1 Introduction

Due to the increasing environmental requirements, there is a strong demand for lighter structures. Lighter components can be manufactured by using higher-strength steels than is commonly used today [1]. One possible way to make larger components is by first producing smaller sections, which are then joined by welding. However, fatigue loading is mostly the critical loading event during the life time of a component and welded connections are often the prime location of fatigue failure. This is especially problematic for welded high-strength steels as fatigue strength of welds usually is not deemed to increase by increasing static strength [2].

Fatigue improvement methods are usually considered as the best way to overcome this static behavior of the fatigue properties. This can be made either by modification of the weld toe geometry or by modification of the residual stress induced by welding. The former acts through reduction of the local stress concentration factor, by ensuring a smooth transition between the weld profile and base metal. The latter leads to reduction of the tensile residual stresses, or by even inducing compressive stresses [1, 3]. Reduction of the tensile stresses can be achieved by using high-frequency mechanical impact (HFMI) treatment. In such a treatment, the increase in fatigue strength is thought to be due to residual stress modification, weld toe geometry modification, and increased local hardness in the treated region [4,5,6,7,8,9].

Another way to achieve reduction of tensile stresses is by using LTT welding consumables. These consumables are designed to give reduced or compressive tensile stresses across the fusion zone, as a result of the volume expansion of the weld metal due to transformation of austenite to martensite at low temperatures, typically around 200 °C. The reduction of the tensile stresses in turn leads to improved fatigue strength [10,11,12,13,14,15,16].

One further method, where these two approaches possibly are combined, is shot-peening. The impact of the shots decreases the tensile residual stresses and can even create compressive residual stresses in the treated surface [17, 18]. No study has been done to compare the effect of LTT filler, HFMI and shot-peening on fatigue strength in steels with yield strengths higher than 1021 MPa. Thus, the present paper investigates effect of using shot-peening and HFMI on the fatigue properties of welded 1300 MPa steel specimens which have been welded using LTT consumable or welded with a conventional consumable. The comparison between fatigue strength of LTT and conventional welds has been reported in a previous paper by the authors [19].

2 Materials and methods

2.1 Base and filler materials

Weldox 1300 plates with a thickness of 15 mm were used as the base metal. The yield and tensile strength were 1295 MPa and 1562 MPa, respectively.

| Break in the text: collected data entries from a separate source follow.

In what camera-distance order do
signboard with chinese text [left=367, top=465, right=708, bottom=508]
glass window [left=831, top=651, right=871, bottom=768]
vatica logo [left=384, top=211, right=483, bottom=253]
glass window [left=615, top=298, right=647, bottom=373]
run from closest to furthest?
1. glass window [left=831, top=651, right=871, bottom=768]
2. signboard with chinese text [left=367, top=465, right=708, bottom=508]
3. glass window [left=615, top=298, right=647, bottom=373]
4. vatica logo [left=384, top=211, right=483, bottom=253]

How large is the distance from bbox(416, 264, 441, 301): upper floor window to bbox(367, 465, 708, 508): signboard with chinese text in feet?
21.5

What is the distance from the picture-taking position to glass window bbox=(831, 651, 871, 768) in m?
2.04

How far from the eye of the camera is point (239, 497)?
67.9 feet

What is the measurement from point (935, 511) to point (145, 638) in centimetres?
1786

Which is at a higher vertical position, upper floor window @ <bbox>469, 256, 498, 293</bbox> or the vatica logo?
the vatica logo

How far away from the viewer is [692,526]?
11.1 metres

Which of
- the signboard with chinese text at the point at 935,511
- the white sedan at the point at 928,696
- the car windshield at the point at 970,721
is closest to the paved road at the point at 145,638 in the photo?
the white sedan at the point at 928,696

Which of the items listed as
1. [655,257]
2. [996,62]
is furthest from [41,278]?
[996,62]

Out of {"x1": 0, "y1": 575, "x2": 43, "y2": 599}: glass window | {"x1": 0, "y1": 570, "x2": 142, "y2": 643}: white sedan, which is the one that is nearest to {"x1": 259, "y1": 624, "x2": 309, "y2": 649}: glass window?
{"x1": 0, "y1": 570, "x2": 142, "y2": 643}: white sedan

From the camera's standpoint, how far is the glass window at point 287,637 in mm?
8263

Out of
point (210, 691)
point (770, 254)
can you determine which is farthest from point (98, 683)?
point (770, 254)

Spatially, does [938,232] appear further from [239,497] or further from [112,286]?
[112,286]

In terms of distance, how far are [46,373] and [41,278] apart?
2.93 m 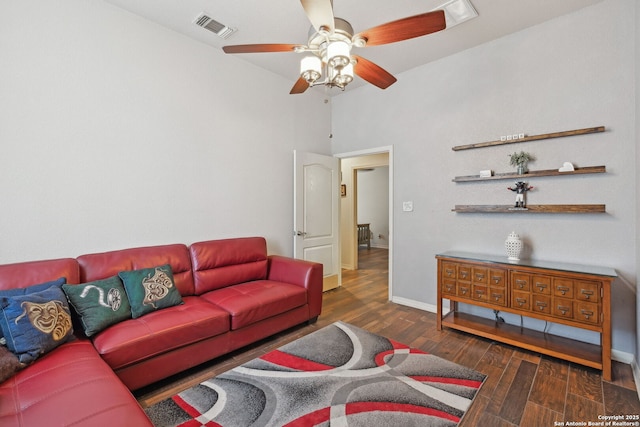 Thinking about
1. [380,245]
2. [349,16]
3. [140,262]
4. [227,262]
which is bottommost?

Three filler materials, one experimental and two commercial ones, were used. The experimentally designed filler wire was a metal cored wire with higher amounts of Cr and Ni. This was used to produce a low martensite start (Ms) temperature. The consumable was coded as LTT. The two commercial wires were Coreweld 89 (a high strength wire) and OK Tubrod 14.11 (a medium strength wire).

The chemical compositions of the base material and filler materials are given in Table 1 and mechanical properties of all-weld metals are summarized in Table 2.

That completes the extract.